START DATA EXTRACT

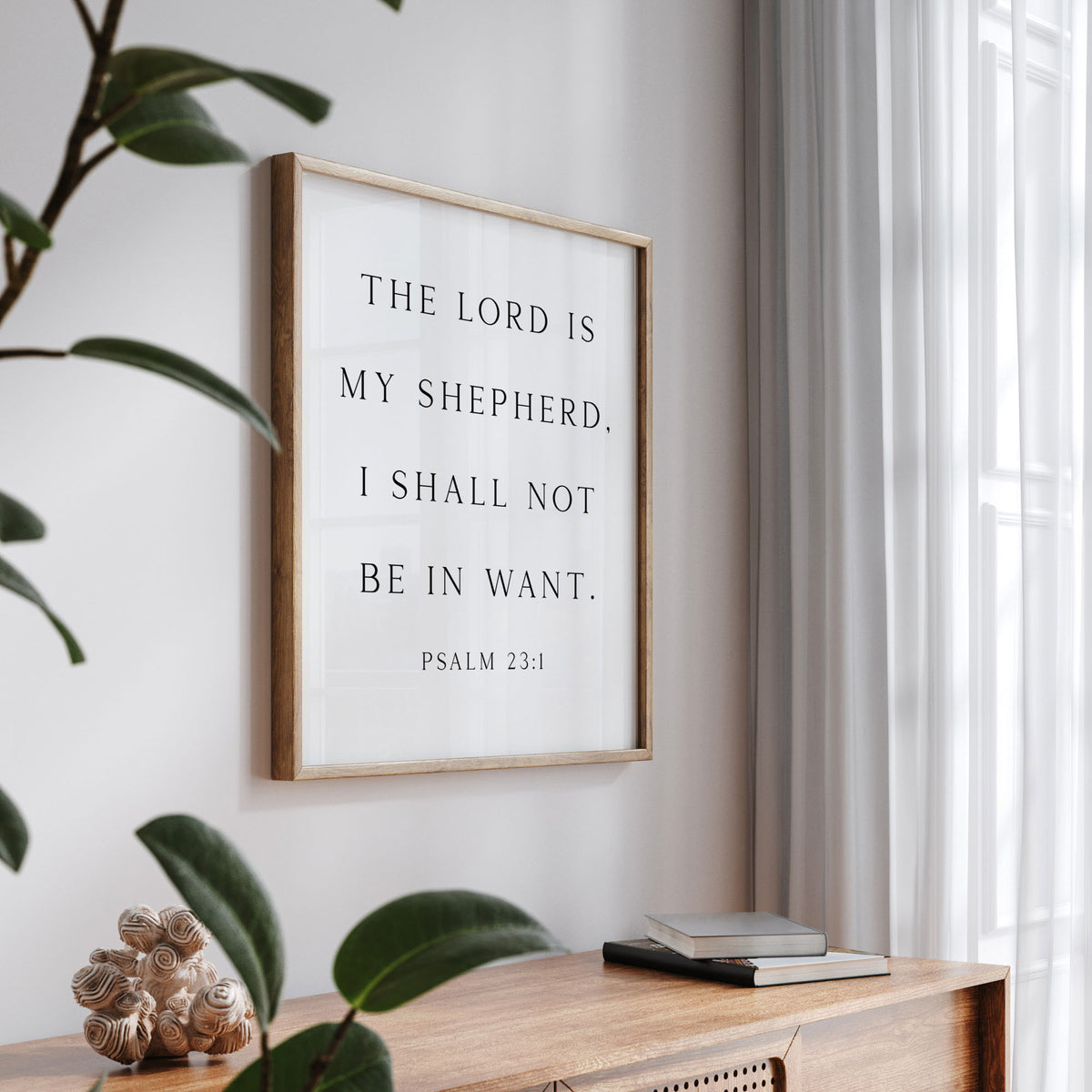 The Lord is my Shepherd, Psalm 23:1, Christian Art Print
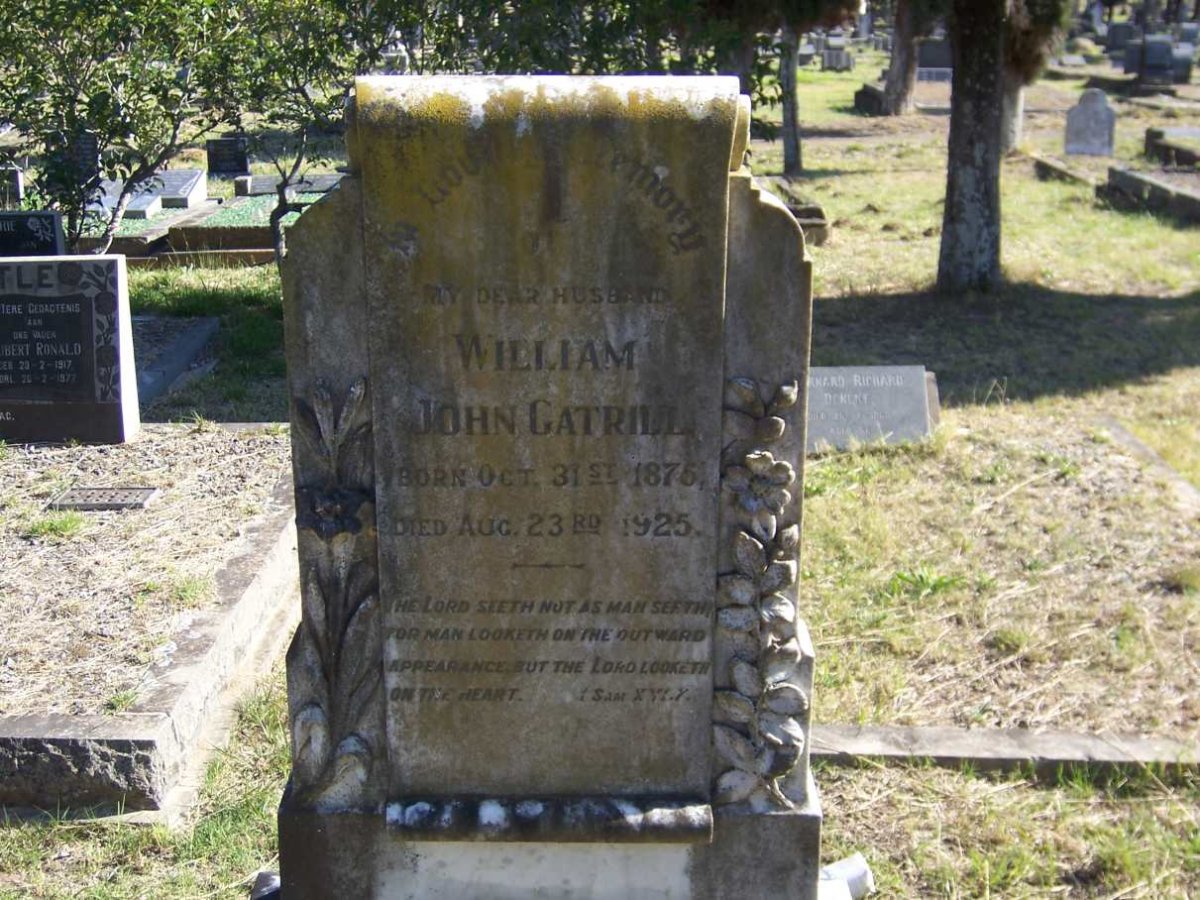 GATRILL William John 1875-1925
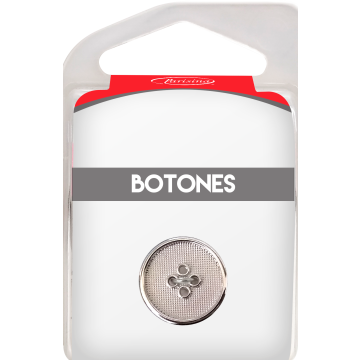 Botones En Cajita Plata 20 Mm Hb1613282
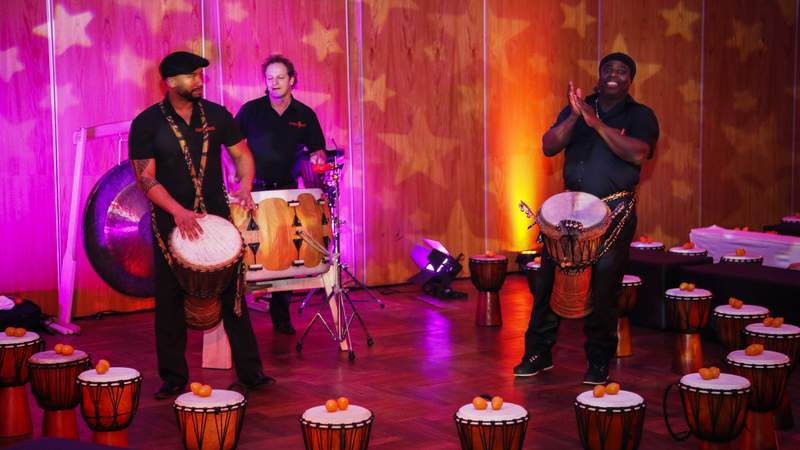 das Team beim Drum2gether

END DATA EXTRACT

- _TASK REQUIREMENTS_: Please, leaving out all pictures, transcribe exactly the lines above from the one containing "Botones En Cajita Plata 20 Mm Hb1613282" through the final line, both included.

- _RESULT OF THIS TASK_:
 Botones En Cajita Plata 20 Mm Hb1613282
 das Team beim Drum2gether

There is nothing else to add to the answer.